So now, with USB offloading in the picture, there are basically two
paths that can start attempting to utilize the same USB device
endpoints. Let's keep it simple and assume the device only has one
playback substream (which means only one PCM device)
/proc/asound/card1 # cat stream0
Plantronics Plantronics C320-M at usb-xhci-hcd.1.auto-1.2, full
speed : USB Audio
Playback:
Status: Stop
Interface 2
Altset 1
Format: S16_LE
Channels: 2
Endpoint: 0x01 (1 OUT) (ADAPTIVE)
Rates: 8000, 16000, 24000, 32000, 44100, 48000
Bits: 16
Channel map: FL FR
So the patch here will prevent transfers from happening from both the
offload path and directly over the USB SND PCM device, which
correlates to the following paths:
- offload: card#0 pcm#0
- USB SND: card#1 pcm#0
Well, it's one way to do that.
Personally I would just reuse USB FEs and when opening one check if it
can be offloaded:
* check if someone disabled Offload on FE
* check if it is connected to HW that can do Offload at all
* check if Offload streams are available on backing HW
* check if audio formats are supported by above HW
* do any other checks that may be needed
and then just redirect FE setup to relevant driver doing offload if
able, otherwise just go standard path.
How would userspace know which 'USB FE' to use?

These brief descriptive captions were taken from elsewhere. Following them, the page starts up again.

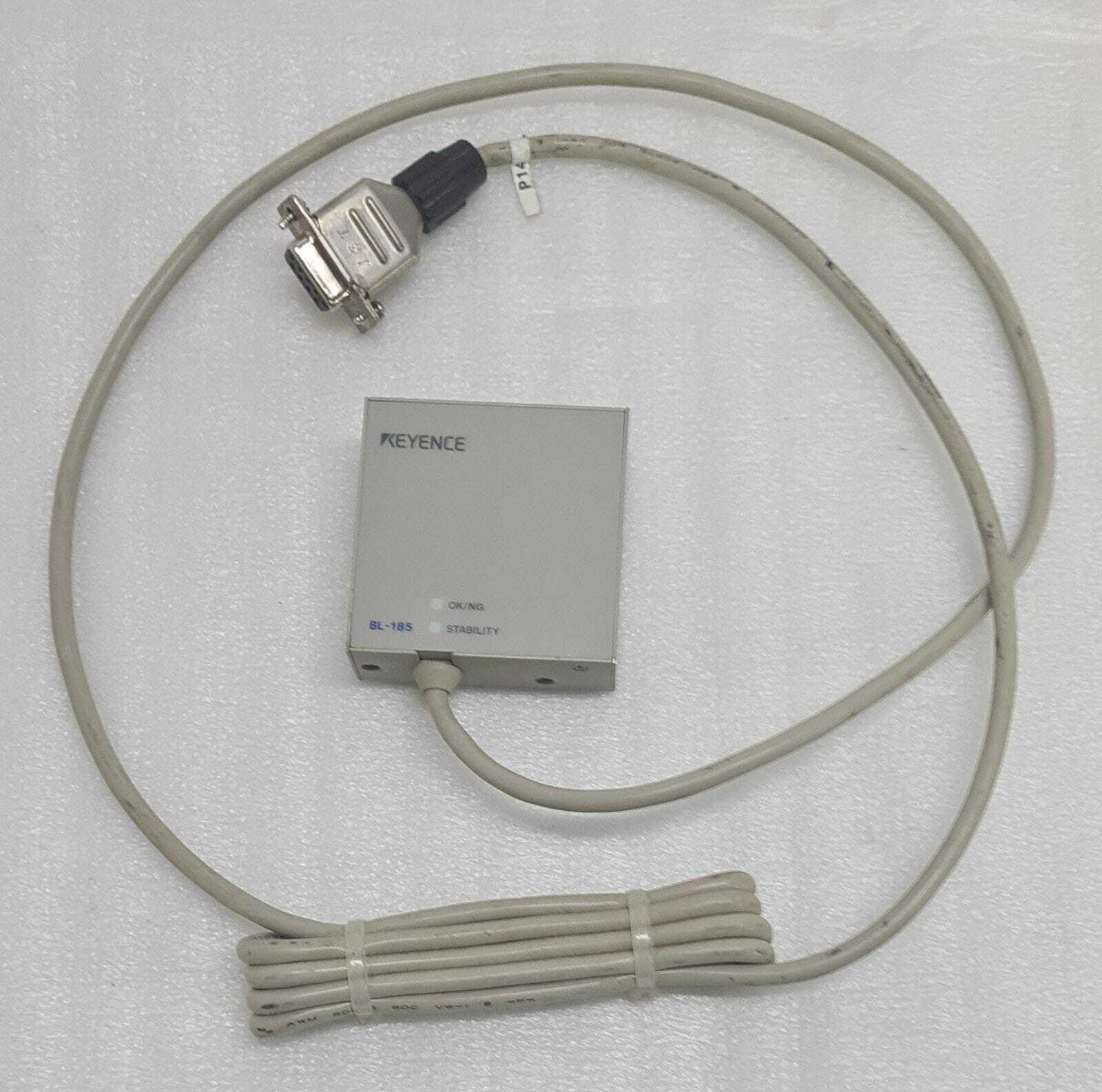 [LOT OF 6] Keyence Barcode Reader Scanner Sensor BL-185 DC 5V 300mA Class 2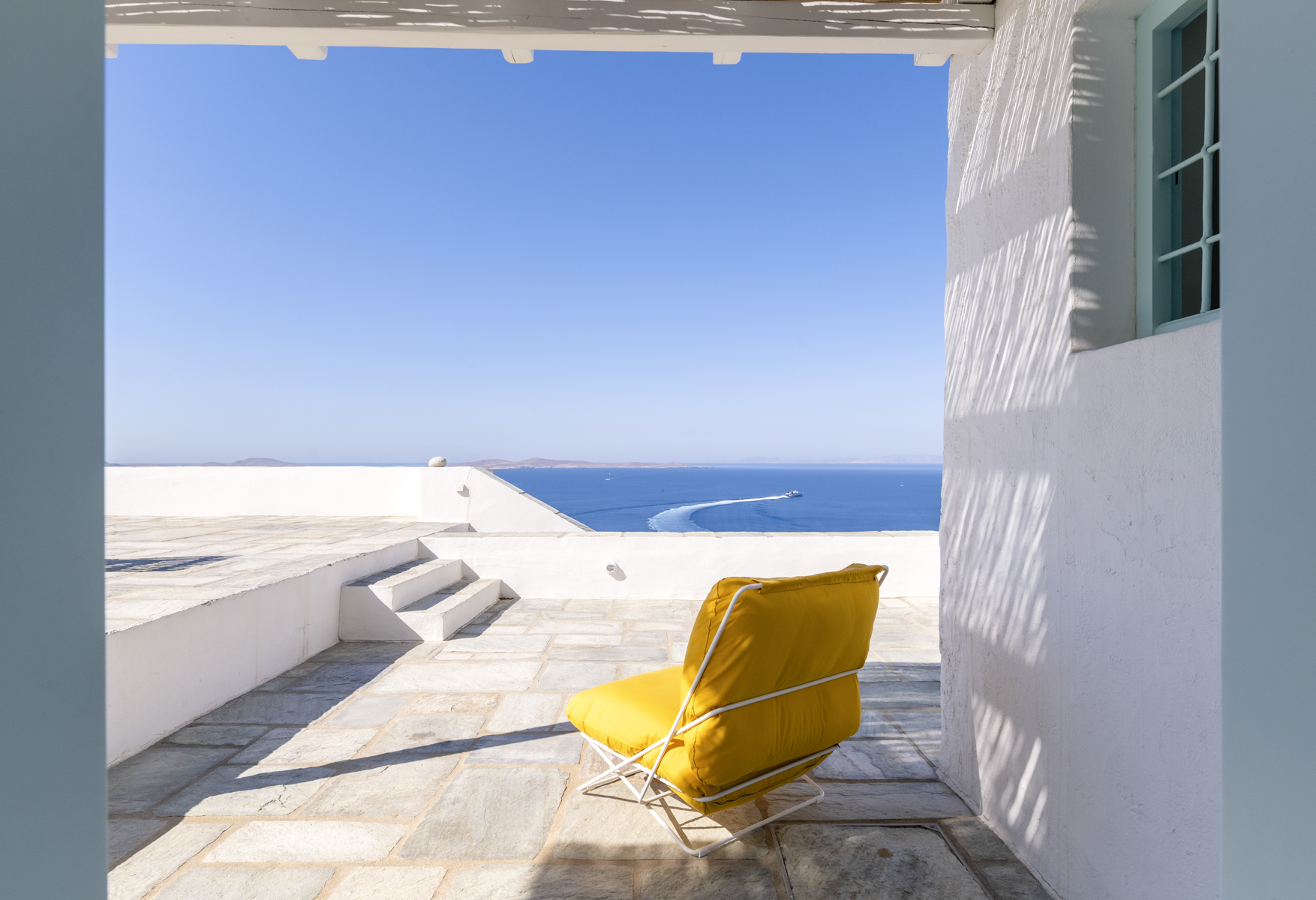 Villa Erato — Views — Agia Sofia, Mykonos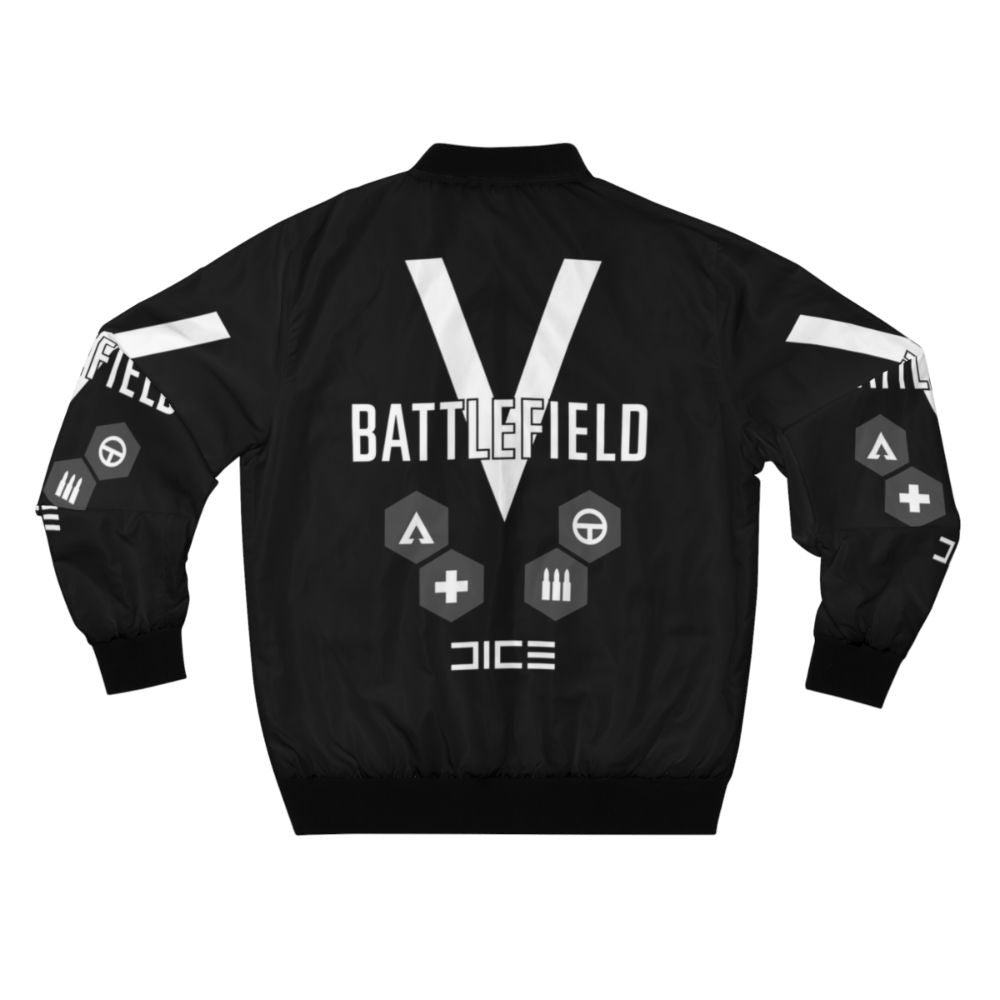 Battlefield V Bomber Jacket - Tactical and Stylish Warzone Apparel - Back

The discovery and mapping between cards and devices is the main problem.
It's much simpler to start from a generic "USB-Audio" card, and check if
the functionality exposed by one PCM device is offloaded to another
ASoC-based card. Then all the interaction can start with this offloaded
device without any guesswork on the mapping between cards/devices.
The point is that the USB-Audio card will always be there, whereas those
ASoC cards will have different names and implementation restrictions. In
the example we have here, if you want to capture audio you *have* to use
the USB-Audio card.
In other words, it's just an endianness type of debate with no clear
difference between solutions and a matter of personal preference. The
reality is that there's a clear asymmetrical pattern. The USB-Audio card
is always present and usable, the ASoC offloaded cards are only present
in specific implementations and only usable if conditions are met.